Pedley: Bowyer Issues Uneasy Laugh After Darlington Dust-Up
By Jim Pedley | Managing Editor
Kansas City, Kan. – I suspect Clint Bowyer’s take on the incident which occurred after Saturday night’s Sprint Cup race at Darlington is shared by a lot of NASCAR fans today: Good theater but on the wrong stage.
Thats is, it was dang entertaining but kind of scary because it happened in a place where something could have gone terribly wrong and an innocent person injured or worse.
The incident, of course, was the one between Kyle Busch and Kevin Harvick, who happens to be Bowyer’s teammate at Richard Childress Racing.
The two had gotten together on the track late in the race. Exchanged a little paint and a lot of ill will. In the final encounter, Bowyer’s car was caught up and sent slamming into the inside wall.
Heading for the pits after the cool-down lap, Harvick kept the feud going by pulling even with Busch near pit-in and then forcing him back up onto the track. They both stopped on the track. Busch, with Harvick door-to-door with him, attempted to back up to get back to pit-in by throwing it into reverse.
Busch said he blew his reverse gear doing that so he looped around in his attempt to get back into the pits. Harvick got in just ahead of him and stopped. Harvick then unubuckled, climbed out and started to walk back to Busch’s car.
Busch, with no reverse gear, bumped Harvick’s car from behind just as Harvick reached his window
and threw a punch through it. Harvick’s car lurched violently left into the a pit stall – Bowyer’s pit stall – and stopped with its nose crumpled against the wall.
Bowyer’s car had already been taken to the garages but his crew was still packing up behind the wall.
It was all pretty entertaining Bowyer said Monday during a visit to Kansas Speedway.
“Kind of funny,” Bowyer, who said he couldn’t wait to get to a TV after the race to see a replay, said. “Everybody wants to see a little emotion. If there’s a fight going on, it’s just a natural instinct that you want to watch. You want to see somebody throw a fit and have a temper tantrum. Kind of humorous.”
But also very serious, Bowyer said. Serious because of where the off-track portion of the show occurred.
“That’s a dangerous situation,” Bowyer said. “After a race like that, there’s lots going on right there. People are trying to get to victory lane, which is right there. Obviously, Kevin didn’t intend for that to happen and Kyle probably didn’t either.”
Bowyer said Harvick’s car actually re-fired when it was pushed from behind.

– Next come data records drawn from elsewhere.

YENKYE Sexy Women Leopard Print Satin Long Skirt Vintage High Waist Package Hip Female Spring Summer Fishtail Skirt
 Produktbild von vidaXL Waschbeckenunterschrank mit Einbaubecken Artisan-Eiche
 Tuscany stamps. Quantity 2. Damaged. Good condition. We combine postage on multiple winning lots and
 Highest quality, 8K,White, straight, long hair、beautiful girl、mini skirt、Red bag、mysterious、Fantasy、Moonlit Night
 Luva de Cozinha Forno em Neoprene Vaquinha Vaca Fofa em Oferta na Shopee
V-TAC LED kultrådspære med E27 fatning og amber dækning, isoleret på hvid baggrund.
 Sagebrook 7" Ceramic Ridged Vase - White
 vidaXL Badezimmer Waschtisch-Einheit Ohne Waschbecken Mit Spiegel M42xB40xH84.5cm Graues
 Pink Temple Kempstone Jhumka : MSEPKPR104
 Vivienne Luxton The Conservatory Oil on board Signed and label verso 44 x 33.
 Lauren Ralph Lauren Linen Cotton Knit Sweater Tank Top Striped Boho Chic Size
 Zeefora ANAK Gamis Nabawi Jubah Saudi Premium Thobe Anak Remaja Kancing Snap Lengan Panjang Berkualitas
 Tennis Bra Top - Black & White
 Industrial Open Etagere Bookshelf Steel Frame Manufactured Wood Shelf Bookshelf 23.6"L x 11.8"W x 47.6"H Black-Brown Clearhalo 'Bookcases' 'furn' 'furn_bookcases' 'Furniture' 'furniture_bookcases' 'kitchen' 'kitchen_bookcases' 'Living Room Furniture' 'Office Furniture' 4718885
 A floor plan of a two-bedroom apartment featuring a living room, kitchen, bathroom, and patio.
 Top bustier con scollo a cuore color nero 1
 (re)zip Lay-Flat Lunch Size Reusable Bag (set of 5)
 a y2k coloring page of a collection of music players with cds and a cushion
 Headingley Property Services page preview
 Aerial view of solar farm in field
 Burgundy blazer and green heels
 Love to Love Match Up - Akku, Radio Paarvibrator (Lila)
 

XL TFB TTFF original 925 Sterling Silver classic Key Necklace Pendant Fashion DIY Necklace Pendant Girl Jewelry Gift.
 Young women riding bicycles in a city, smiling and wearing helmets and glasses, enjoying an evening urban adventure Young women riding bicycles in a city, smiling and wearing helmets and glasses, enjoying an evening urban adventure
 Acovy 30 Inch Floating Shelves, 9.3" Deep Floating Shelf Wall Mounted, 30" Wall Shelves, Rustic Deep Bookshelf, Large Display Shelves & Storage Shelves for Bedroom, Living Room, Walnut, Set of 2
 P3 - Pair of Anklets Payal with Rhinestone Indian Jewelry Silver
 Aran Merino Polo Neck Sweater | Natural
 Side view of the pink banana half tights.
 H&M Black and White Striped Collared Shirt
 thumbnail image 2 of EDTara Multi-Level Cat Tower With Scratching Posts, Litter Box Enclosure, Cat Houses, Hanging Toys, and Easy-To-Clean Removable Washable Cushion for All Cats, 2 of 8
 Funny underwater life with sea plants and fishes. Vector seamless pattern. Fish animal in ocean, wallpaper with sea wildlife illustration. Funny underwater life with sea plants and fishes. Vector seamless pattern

While the engine was not running when Harvick got out, the ignition was left on and the bump turned the engine over and with spark flowing to it, it restarted and it jumped to the left.
And that’s scary. If the car had re-fired and went straight down pit road, which can be packed with officials, teams and even fans after a race, somebody could have been seriously injured.
Bowyer said he isn’t sure what NASCAR will do about the situation. And that’s goes for all of us. In this era of having at it, officials have opened the door for wild racing. But they simply cannot allow that wildness to drift into areas where innocent bystanders are allowed.
“I know he’s my teammate,” Bowyer said, “and he’s on my side, but a car going down pit road with nobody in it, a runaway car…guys cleaning up the pits and it was actually in my pit…that’s an extreme situation to be in right there.”
So, yet another time, NASCAR officials will be placed in a tough spot, but one of their own design.
We will find out on Tuesday or Wednesday how NASCAR attempts to deal with having at it in the pits.